For SF&Fantasy we see reps- such as Orion (who give me nice new proofs- like the next Stephen Donaldson, yay). They then go through a list of new titles and we choose what we want based on hardback sales, predicted sales and the author etc. We also have huge new titles lists to see whats being published and is upcoming. It's difficult to represent everything but its definately one of the bigger selling sections - next to general fiction and childrens. 

I've noticed that a large part of fantasy is coming from children orientated markets-such as _His Dark Materials, Abhorsen _and _the edge chronicles_. I think these series are breathing a new life into the genre and encouraging far more readers than before. 

It's not good on the wallet (or my maxed out student overdraft) to work in a bookshop.  Ban internet bookshops!


----------



## Bladerunner (Sep 11, 2004)

Waterstones, Smiths etc

Having been into SF/F for some thirty odd years, I personally believe that the situation at present is better than it has ever been. We as the buying public have more choice today, whether we want to go and be pushed around down the high street or sit in comfort and order of one of the many sites.

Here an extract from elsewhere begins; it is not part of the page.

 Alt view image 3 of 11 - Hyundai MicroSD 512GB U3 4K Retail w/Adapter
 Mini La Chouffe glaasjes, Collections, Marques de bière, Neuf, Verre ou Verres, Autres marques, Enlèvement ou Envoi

I would have to admit that I'm fairly lucky as I find myself in a number of towns: Stafford, Potteries, Telford, Burton, Tamworth, etc during the week. I usually manage to make time and have a ganders round the book shops. Although I would agree there is alot more they could do to appeal to our market, at least most of the outlets do give our favourite arena some space. I myself, usually get into Waterstones finding them the better. 

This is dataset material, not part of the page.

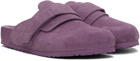 Tekla Purple Birkenstock Edition Nagoya Loafers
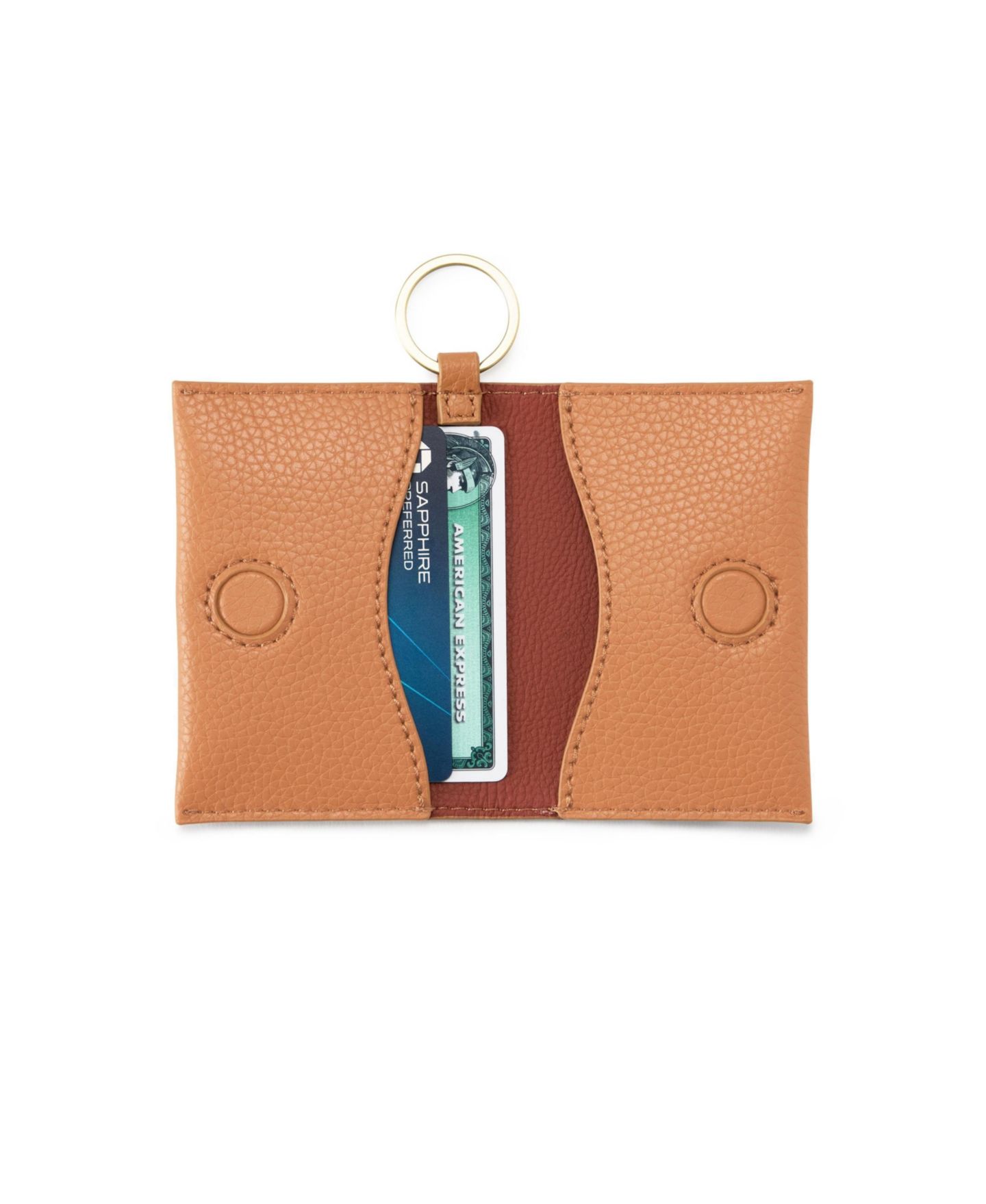 Женский кошелёк HOBO Vida Card Case, цвет: Кокосовый ракушечный — фото 3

So I can only say please lets continue to encourage the improvement I have seen from the retail outlets over the last ... years. I hope the power of the pound doesn't make bookshop owners/managers stagnate.


----------



## The Master™ (Sep 11, 2004)

I gotta say that the shops in Leeds - Waterstones (two of them), Borders and WH Smith have been terrible for new stuff... They don't get it in immediately, you have to order it...

And then there is the COST!!!

Amazon is a damn sight cheaper, and even with the P&P I can get books a lot cheaper, okay it may be a couple of days for delivery, but what the hey!!!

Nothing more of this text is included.